System Management Software
System management software is used to manage all the computing resources for the end user, small
business, workgroup, or enterprise, including systems, applications, desktop, and client and endpoint
devices:

IT event and log management tools: IT event and log management tools automate the
analysis and response of the systems to nonscheduled system and application events and
root cause analysis.

Workload scheduling and automation software: Workload scheduling and automation software
manages the provisioning, placement, migration, and execution flow of workloads on systems
and the provisioning, scaling, and management orchestration of images, operating systems,
containers, and applications onto physical and virtual servers.
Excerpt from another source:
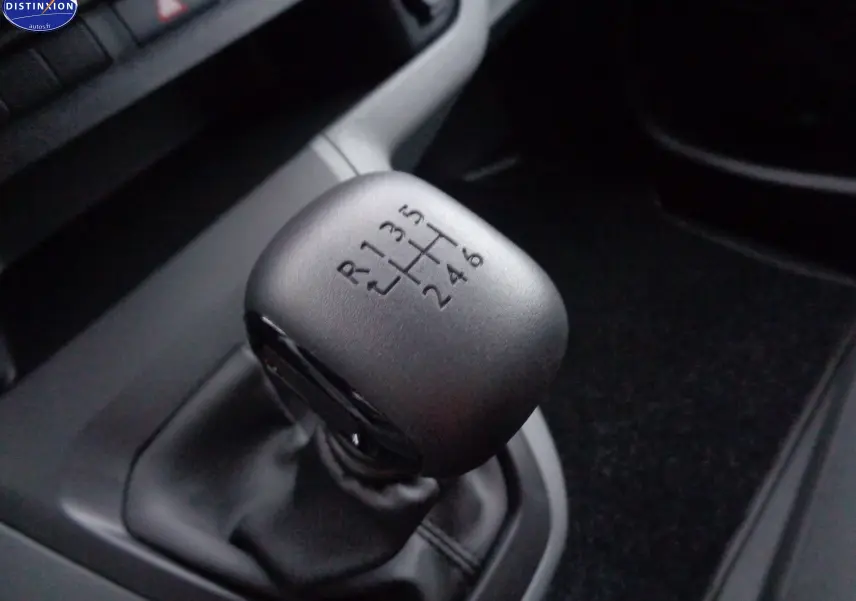 Gros plan sur le levier de vitesses manuel noir du Peugeot Expert Cabine Approfondie gris Artense 2023.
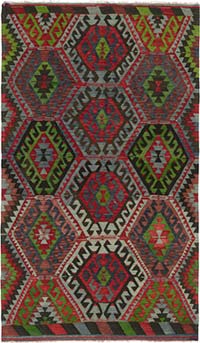 Vintage Turkish Kilim Rug - 5' 7" x 9' 7" (67" x 115")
It also includes service
brokering, optimization, and self-service provisioning solutions used to enable cloud and
software-defined datacenter systems and applications management:


Workload management

Datacenter automation
Output management: Output management tools automate the operation, control,
administration, tracking, and delivery of print and digital information within an organization:

Device management

Print management

Enterprise output management

Performance management: Performance management software is used for compute
infrastructure and application performance monitoring, performance data collection,
performance tracking, forecasting, capacity and performance analysis, simulation and
planning software, predictive analytics, and business performance impact analysis enabled by
IT and APM performance data.

Change and configuration management: Change and configuration management software
provides change, configuration, compliance and asset tracking for physical and virtual
systems, application software containers, cloud infrastructure and services and client, desktop,
mobile devices, and peripheral hardware and software assets but not network devices.

Problem management: Problem management software tracks, records, and manages
problems related to the IT infrastructure and operations.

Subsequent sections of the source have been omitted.